Important information - investment value can go up or down and you could get back less than you invest. If you're in any doubt about the suitability of a stocks & shares ISA, you should seek independent financial advice. The tax treatment of this product depends on your individual circumstances and may change in future. If you are uncertain about the tax treatment of the product you should contact HMRC or seek independent tax advice.
What are the differences between a Child Trust Fund and a Junior ISA?
Child Trust Funds and Juniors ISAs are both savings accounts that encourage parents to save for their children .
Child Trust Funds (CTF) were available to children born between 1st September 2002 and 2nd January 2011 – after which they were replaced by Junior ISAs (JISA). CTFs remain active until the account matures when the child turns 18.
The first CTFs matured in September 2020 and had the choice of converting the fund into an adult ISA. Those still holding an account have the choice of switching to a JISA or keeping their fund until it matures.
Junior ISAs tend to offer greater flexibility, giving parents much greater choice of investment. See below for a breakdown in the differences before deciding whether switching is for you.

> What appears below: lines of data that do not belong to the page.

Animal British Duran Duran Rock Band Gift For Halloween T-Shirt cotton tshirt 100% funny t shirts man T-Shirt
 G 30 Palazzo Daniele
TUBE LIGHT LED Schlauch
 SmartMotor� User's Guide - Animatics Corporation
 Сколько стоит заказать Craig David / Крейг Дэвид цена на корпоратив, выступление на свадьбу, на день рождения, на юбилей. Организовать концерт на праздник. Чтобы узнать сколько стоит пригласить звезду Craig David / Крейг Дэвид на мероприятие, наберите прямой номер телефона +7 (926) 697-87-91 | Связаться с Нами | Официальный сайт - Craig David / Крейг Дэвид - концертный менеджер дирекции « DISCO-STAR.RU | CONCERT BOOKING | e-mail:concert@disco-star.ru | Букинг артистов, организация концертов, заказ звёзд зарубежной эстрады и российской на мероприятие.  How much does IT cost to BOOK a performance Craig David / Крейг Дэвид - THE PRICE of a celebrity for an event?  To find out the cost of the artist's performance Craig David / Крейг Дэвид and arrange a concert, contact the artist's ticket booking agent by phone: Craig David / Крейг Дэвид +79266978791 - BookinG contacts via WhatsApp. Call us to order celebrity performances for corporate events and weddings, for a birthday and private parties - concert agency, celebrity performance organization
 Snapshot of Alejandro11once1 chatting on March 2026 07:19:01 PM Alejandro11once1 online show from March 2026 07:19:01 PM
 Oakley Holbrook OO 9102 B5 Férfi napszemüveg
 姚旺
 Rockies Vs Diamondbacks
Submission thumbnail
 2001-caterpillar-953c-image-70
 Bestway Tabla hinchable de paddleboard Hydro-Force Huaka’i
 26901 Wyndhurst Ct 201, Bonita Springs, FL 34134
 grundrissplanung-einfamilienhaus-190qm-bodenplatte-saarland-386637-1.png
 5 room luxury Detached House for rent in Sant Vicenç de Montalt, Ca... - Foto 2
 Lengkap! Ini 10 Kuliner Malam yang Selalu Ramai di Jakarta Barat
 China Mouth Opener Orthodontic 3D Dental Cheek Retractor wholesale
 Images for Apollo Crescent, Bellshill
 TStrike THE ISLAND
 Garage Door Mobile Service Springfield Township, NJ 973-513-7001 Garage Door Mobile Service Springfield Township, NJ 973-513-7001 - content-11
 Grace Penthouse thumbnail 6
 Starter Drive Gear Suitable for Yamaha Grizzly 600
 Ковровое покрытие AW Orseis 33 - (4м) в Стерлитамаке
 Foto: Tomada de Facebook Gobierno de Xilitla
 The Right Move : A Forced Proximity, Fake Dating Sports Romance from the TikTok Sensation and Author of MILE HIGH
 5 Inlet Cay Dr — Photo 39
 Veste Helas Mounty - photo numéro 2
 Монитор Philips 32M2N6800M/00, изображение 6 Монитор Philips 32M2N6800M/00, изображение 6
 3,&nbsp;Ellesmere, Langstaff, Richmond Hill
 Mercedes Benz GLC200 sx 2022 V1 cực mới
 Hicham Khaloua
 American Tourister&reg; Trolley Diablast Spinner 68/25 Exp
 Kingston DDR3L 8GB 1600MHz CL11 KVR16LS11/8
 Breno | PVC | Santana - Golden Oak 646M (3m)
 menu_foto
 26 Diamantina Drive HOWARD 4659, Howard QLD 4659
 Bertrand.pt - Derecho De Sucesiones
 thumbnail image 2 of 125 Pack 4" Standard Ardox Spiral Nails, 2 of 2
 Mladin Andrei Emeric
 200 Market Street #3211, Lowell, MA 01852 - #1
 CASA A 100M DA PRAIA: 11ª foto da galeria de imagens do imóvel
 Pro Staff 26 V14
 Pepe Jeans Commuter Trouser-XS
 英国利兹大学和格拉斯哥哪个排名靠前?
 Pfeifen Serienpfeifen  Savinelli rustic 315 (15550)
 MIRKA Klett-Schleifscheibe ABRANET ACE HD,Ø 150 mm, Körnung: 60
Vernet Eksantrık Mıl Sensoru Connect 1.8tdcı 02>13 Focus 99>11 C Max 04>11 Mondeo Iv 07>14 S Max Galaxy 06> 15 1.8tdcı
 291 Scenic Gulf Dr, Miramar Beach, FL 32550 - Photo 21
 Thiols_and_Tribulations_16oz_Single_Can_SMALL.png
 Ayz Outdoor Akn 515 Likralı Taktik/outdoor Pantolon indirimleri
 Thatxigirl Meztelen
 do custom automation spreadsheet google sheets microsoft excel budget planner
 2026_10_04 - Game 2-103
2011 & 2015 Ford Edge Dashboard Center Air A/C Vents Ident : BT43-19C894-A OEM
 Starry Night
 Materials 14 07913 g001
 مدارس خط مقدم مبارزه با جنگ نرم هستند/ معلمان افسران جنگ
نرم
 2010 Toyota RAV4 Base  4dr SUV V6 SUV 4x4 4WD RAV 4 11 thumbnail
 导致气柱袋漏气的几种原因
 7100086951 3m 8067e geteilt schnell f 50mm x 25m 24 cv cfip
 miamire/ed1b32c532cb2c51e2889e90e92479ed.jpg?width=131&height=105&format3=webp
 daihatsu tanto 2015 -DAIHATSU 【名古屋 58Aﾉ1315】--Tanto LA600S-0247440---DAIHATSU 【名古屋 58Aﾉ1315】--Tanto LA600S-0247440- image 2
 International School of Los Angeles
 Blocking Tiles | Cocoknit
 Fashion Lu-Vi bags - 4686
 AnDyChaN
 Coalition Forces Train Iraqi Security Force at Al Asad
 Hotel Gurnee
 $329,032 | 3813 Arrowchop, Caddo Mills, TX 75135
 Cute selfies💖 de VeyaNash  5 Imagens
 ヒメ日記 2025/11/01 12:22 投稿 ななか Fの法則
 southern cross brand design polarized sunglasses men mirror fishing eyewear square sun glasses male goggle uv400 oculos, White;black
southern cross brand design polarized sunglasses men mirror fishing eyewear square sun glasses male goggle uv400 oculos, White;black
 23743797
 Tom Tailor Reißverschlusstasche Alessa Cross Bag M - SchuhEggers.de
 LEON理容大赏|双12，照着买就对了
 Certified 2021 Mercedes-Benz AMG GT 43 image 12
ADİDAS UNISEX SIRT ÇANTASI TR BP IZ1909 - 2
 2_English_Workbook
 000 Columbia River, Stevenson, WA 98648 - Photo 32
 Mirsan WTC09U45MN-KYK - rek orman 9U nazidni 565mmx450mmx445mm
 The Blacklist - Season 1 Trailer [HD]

|Child Trust Fund||Junior ISA|
|Can I open an account?||No, CTFs stopped being available from January 2011||Yes|
|Can I have multiple accounts?||No, you can only have one stocks and shares CTF or one cash CTF.||Yes, you can have one cash JISA and one stocks JISA.|
|Does the child receive a voucher?||The Government gave a CTF voucher worth between £50 and £500 to children born between 1st September 2002 and 2nd January 2011||No|
|Can I transfer my account?||CTFs can either be transferred into a JISA or transferred to another CTF provider.||JISA accounts can be transferred, but not into a CTF.|
|What is the account’s contribution year?||A CTF contribution year runs from the child’s birthday to birthday.||A JISA contribution year is the tax year (6th April to the 5th April each year)|
Rules that stay the same for CTFs and Junior ISAs:
Since Junior ISAs replaced Child Trust Funds, there are some similarities that exist between both accounts:
- Children with either a CTF, cash or stocks and shares JISA can access their money from their 18th birthday. Although cash JISA holders can access and manage their account from their 16th birthday.
- You can contribute a maximum of £9,000 a year into both a CTF and JISA.
- You can choose between cash or stocks and shares for both accounts. However, a JISA allows you to invest in both at the same time.
- Junior ISAs are as tax efficient as Child Trust Funds.
- Both a CTF and JISA can be managed by a child’s parent or guardian. For a JISA, that must be just one parent or guardian.
Should you transfer your child’s CTF to a Junior ISA?
You should consider both accounts carefully and assess any differences. Junior ISAs sometimes offer higher interest rates, greater investment choice and lower fees – but this may not be the case for everyone. If you are not sure, seek advice from an independent financial adviser.
Can you have a Child Trust Fund AND a Junior ISA?
No, you cannot have both a CTF and a JISA. CTFs were replaced by JISAs in 2011 and share many of the same benefits, with Junior ISAs being more flexible in some areas. Both accounts have a maximum contribution limit of £9,000 (2020/21) and the child can access the money from the age of 18 (although children with JISAs can manage their own account from age 16). In both accounts, money is free from both income and capital gains tax.